先月号のおたよりに載せた
「子育てひとりごと」本コーナー始まって以来、
初めて保護者の方からのお言葉を頂戴しました。

小さな文字に目を運んで
読んでいただけていることを実感し、
嬉しかったのと同時に、
反省することがありました。

そのお母様は、コーナーで取り上げた女の子は
「もしかしてうちの子では?」と思われ、
ご心配の面もちでお話しされたようです。

心ならずもお母様の気持ちを
不安にさせてしまったことを苦しく思い、
先月号を読み返してみました。

「バ~カ。」と言ったことを
保育者に咎められまいと、
「バナナのおうさまって言っただけ」
と頑なに言い張る子ども。
ここでこの子にごまかされては、
この不適切な言動は
永遠に続くのではないかと不安になり、
さらに叱りつけたところで、
きっと彼女にはなぜしかられたかよりも、
自分の言い分など全て否定され、
強く怒られたことしか心に残りません。
私はあえて騙されることにしました。

「な~んやバナナの王様って言ったの。
先生は、ば~かって言われたように
聞こえたから、すごく悲しくなって
嫌な気持ちになったの。
でも聞き間違いだったら仕方ないか。
それにしても、ば~か!なんて
言われたんじゃなくて本当に良かったぁ。

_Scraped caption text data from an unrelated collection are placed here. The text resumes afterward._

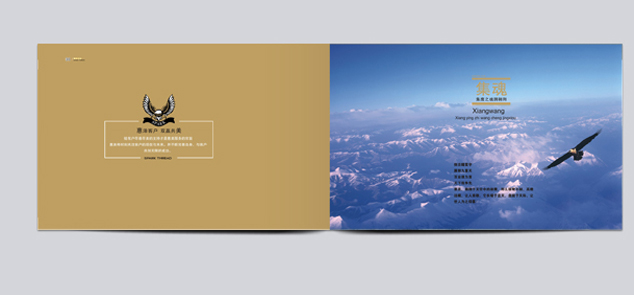 ��˾�����������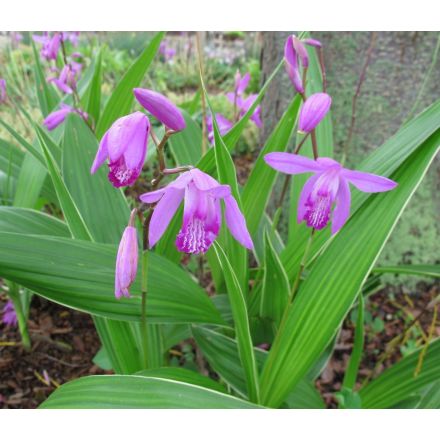 ORCHIDEA DA GIARDINO BLETILLA STRIATA ROSA VASO 12CM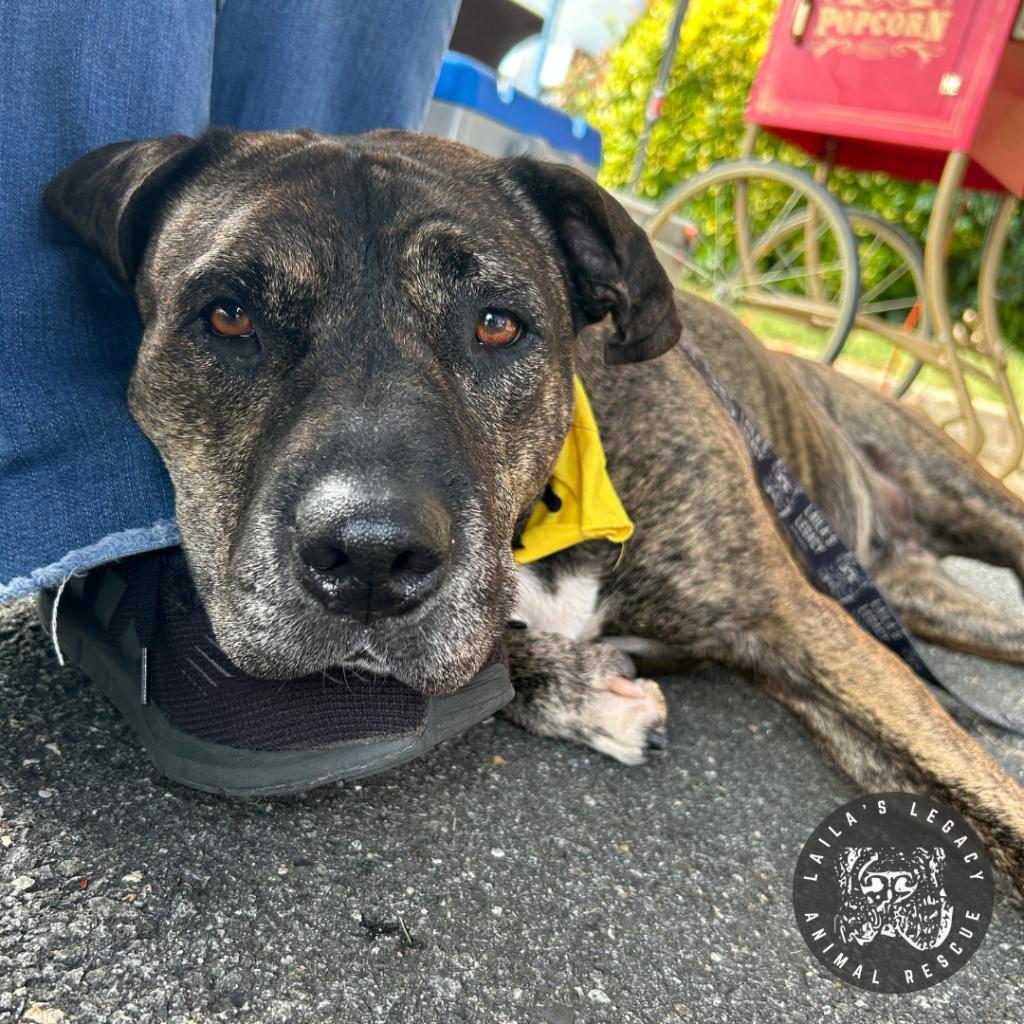 Enlarge Raine, a Adoptable mixed breed in Washington, DC image 6/6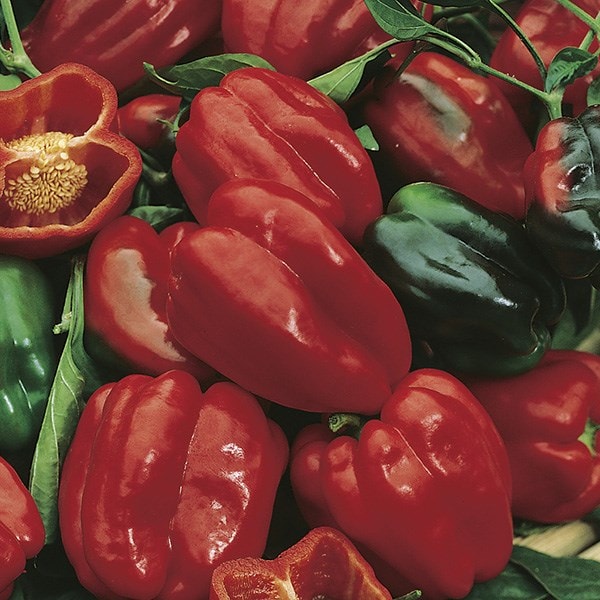 Buy sweet pepper / Capsicum annuum var. annuum (Grossum Group) 'Redskin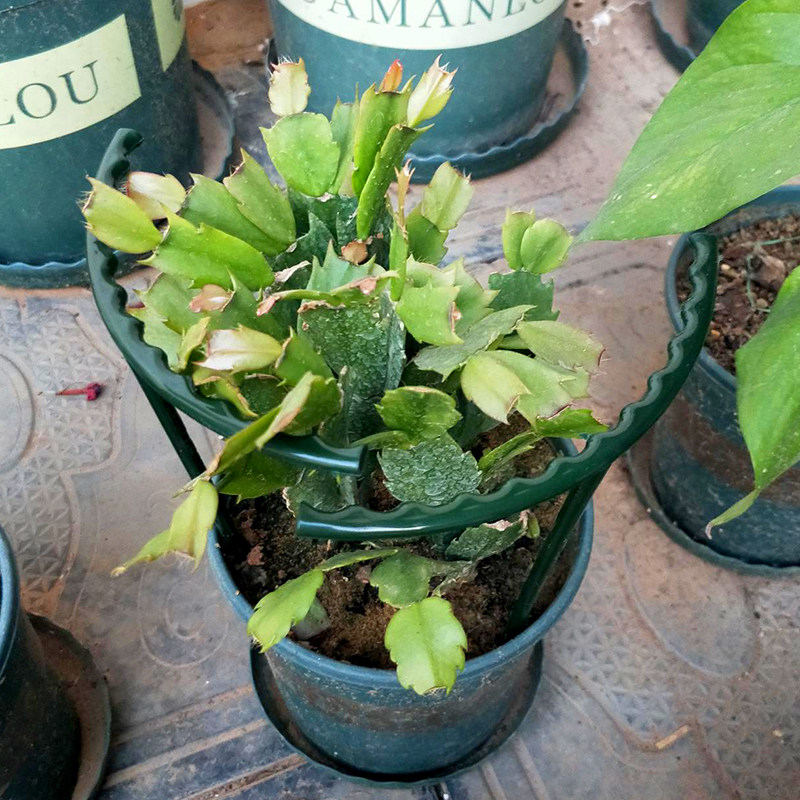 兰花架子绿萝多肉盆栽护叶架阳台植物支撑架蟹爪兰专用固定花支架,淘宝优惠券,粉丝福利购,淘宝优惠卷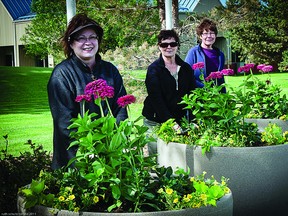 Delie Souliere, Cec Slupek and Faye Strashok are working for the local Communities in Bloom effort. Photo Supplied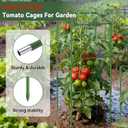 Halatool 4 Pack Square Tomato Cages for Garden, 45 Inch Heavy Duty Adjustable Metal Tomato Trellis for Climbing Plants Green Plant Support Stakes for Vegetables Flowers Fruits&Raised Bed Outdoor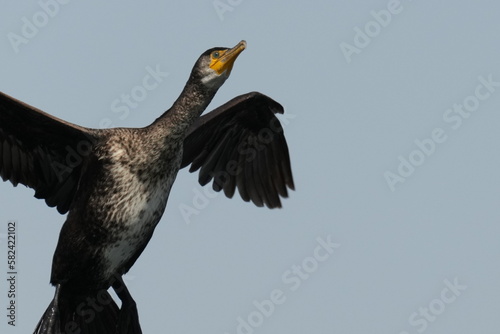 cormorant in flight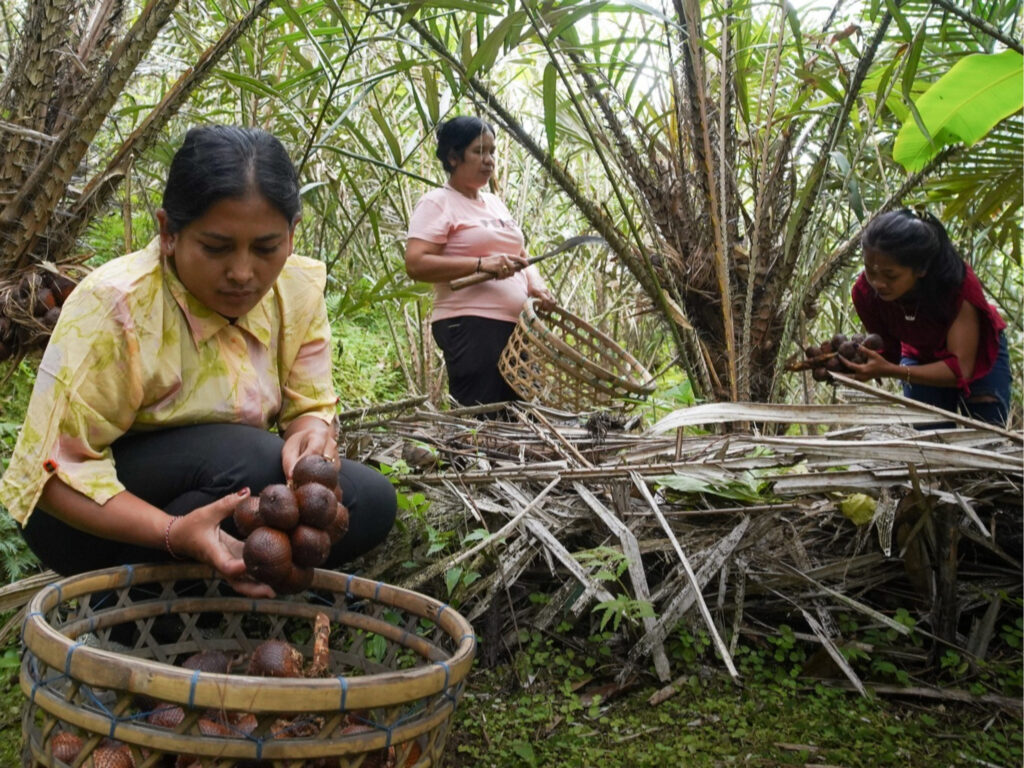 Preservando la biodiversidad a través de la agricultura tradicional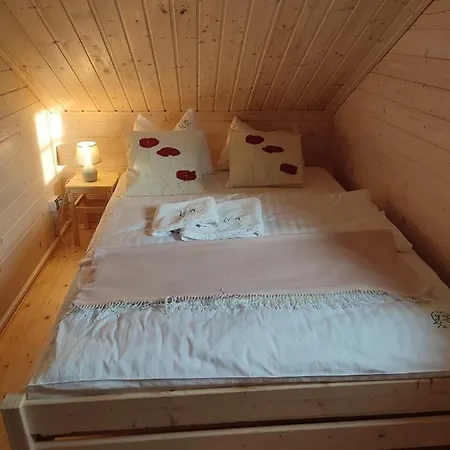 Σπίτι διακοπών Brzozami Malowane *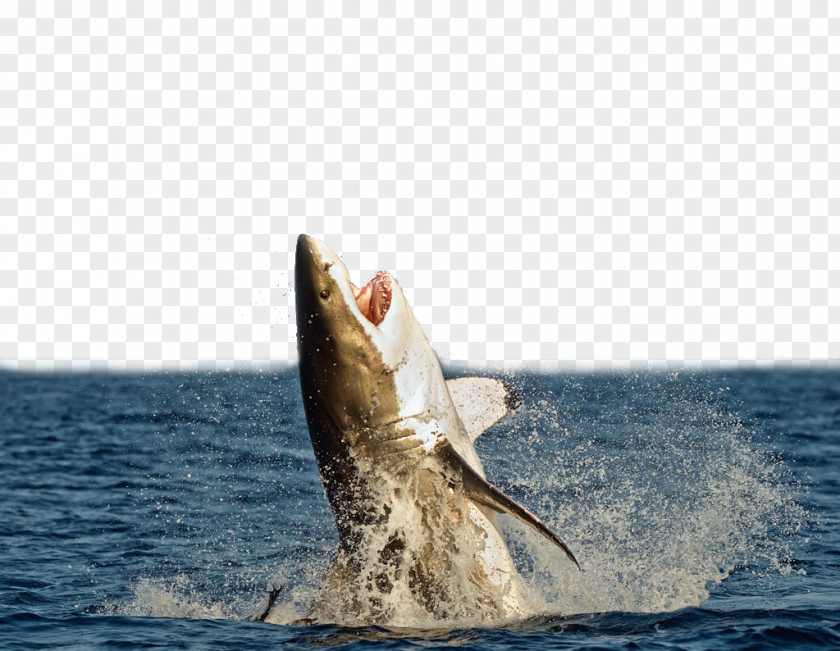 The Fierce Shark Leaping Out Of Sea Great White Megalodon Attack Unmanned Aerial Vehicle PNG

」

うつむいた顔をあげた彼女は、
いっぱい涙をためた目で、
まっすぐ私を見上げていました。
その表情から見てとれるのは、
決して「嘘でごまかしてやったぞ!」
というものではなかったはずです。
不適切な行動は否定しても、
その子の人格を認めてあげたい。
子育ては、正しい答えがみつからないことや、
悩み多きこともありますが、
子どもへの愛情や願いを共にもちながら、
保護者のみなさまと様々な思いを
分かち合っていきたいと切に思います。
少々固い文面になりましたが・・・。